**WHAT TO PRODUCE**
When you reach a picture, skip it, and retype every line below exactly.

**GIVEN INFORMATION**
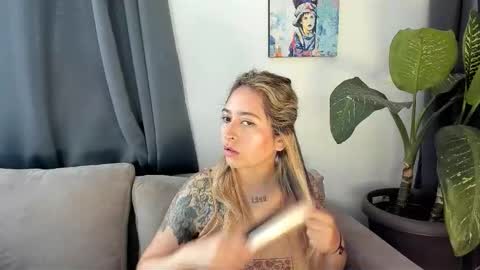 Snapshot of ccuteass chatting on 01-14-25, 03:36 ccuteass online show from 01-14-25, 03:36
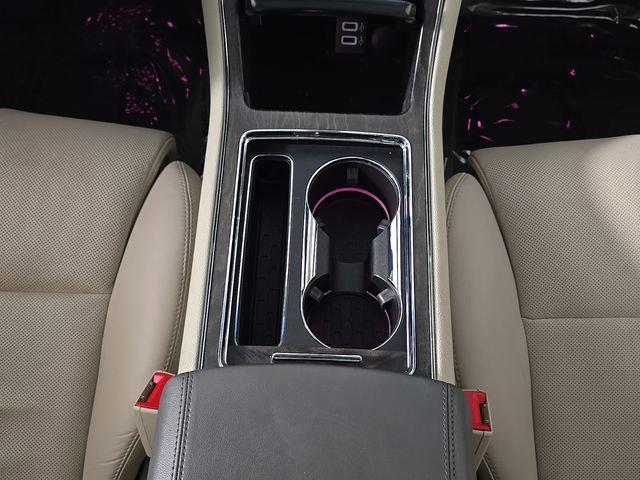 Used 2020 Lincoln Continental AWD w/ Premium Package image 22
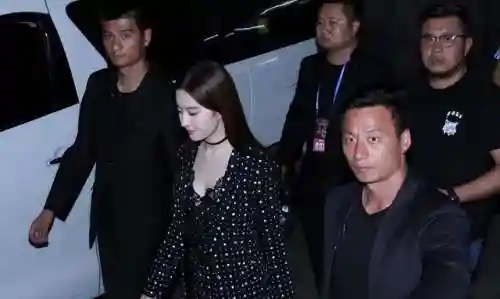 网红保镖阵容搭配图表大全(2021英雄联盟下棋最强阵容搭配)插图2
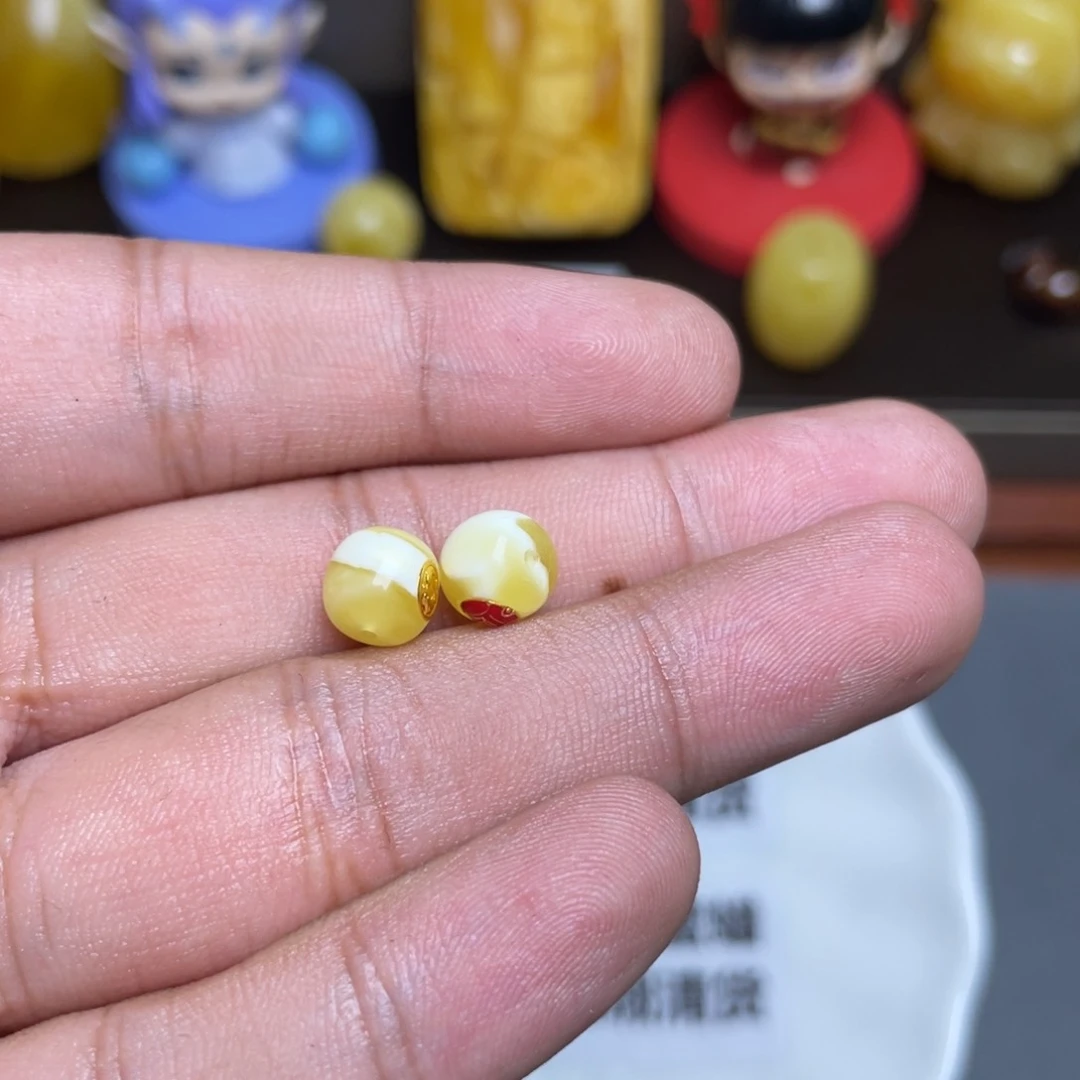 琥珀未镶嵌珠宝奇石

**COMPLETED EXERCISE**
 Snapshot of ccuteass chatting on 01-14-25, 03:36 ccuteass online show from 01-14-25, 03:36
 Used 2020 Lincoln Continental AWD w/ Premium Package image 22
 网红保镖阵容搭配图表大全(2021英雄联盟下棋最强阵容搭配)插图2
 琥珀未镶嵌珠宝奇石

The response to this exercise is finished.